We’ll sanitize these values to find a clean balance between performance and playability. To summarize the changes:
- (1) The average weapon will have a higher
TargetCheckInterval
that depends on the range of the weapon. The more range the weapon has, the higher the target check interval is. - (2) The average weapon will not recheck for targets once it has acquired a target, therefore
AlwaysRecheckTarget
is set to false. Indirect weapons such as artillery, stationary weapons such as point defense, weapons with an attack radius of 50 or higher and weapons of experimental units are allowed to recheck their targets as they may end up firing at a low-value unit purely because it was the first one in range. - (3) The
TargetPriorities
target priority list is simplified or extended until there are four to six elements left.
Fun fact, this is the target priority list of a Summit:
TargetPriorities = { 'NAVAL MOBILE', '(ALLUNITS - SPECIALLOWPRI)', },
But hey – ATP doesn’t give you any advantage. Just your battleships being able to magically prioritize my battleships, while my summits attack your shards. No big deal – it is fair and square.
You can find the exact formula can be found in the pull request:
You can find the relevant changes in this paste bin file:
You can search for units on their unit id or on their English name.
What it means to the behavior of units
On average units either:
- (1) no longer respond to change
- (2) respond slower to change
As an example of (1), if a Mantis is firing at a brick and suddenly a Pillar is in its attack radius then it will not switch targets. An example of (2), for weapons that do respond to changes they end up being a few ticks slower with actually responding to the change because we check for targets less frequently.

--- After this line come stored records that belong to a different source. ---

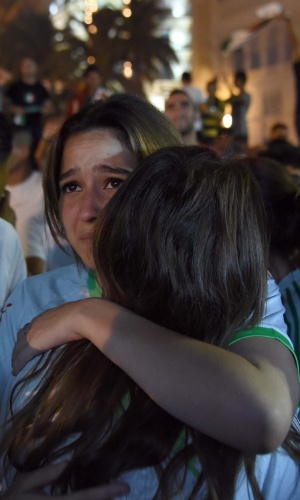 30.jun.2014 - Torcedoras argelinas choram após eliminação da Copa do Mundo para a Alemanha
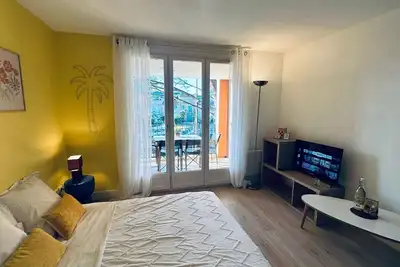 Image de Lemon house location avec vue sur la Marina proche de la mer et des commerces
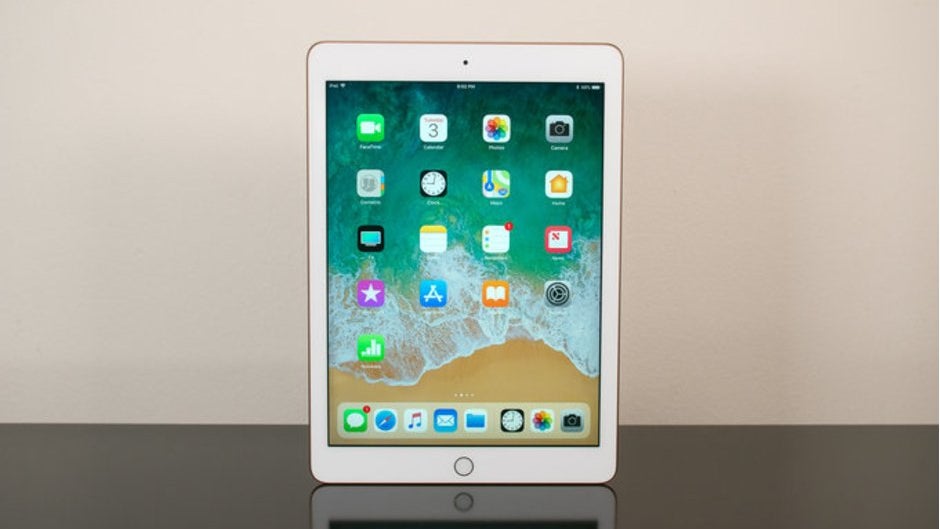 Deal: Buy the Apple iPad (2018) at Amazon and save up to 25%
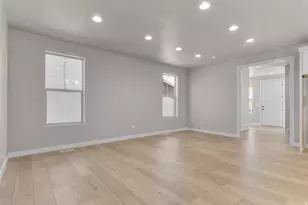 7002 W Terraine Rd, West Jordan, UT 84081 - Photo 10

Note that a weapon will scan for new targets when it ‘loses’ (destroys) its current target. Therefore, for the average battle, units will still rapidly scan for targets for the sake of finding a new target. This is particularly true for interceptors and superiority fighters as it takes only five to seven shots to destroy their counterpart.
In practice I’ve made sure that the changes are barely noticeable from a gameplay perspective.
What it means to performance
Initial tests with AI show that we can have up to 600 units with these changes at the same costs of 500 units without these changes. That is quite a significant change.
Dense fights are significantly faster performance wise. As an example, try and spawn 300 mantis next to 300 other mantis. The performance tanks to 150 ms / tick, where our budget is 100 ms / tick. With these changes it sits at roughly 20 ms / tick. That is quite a significant change.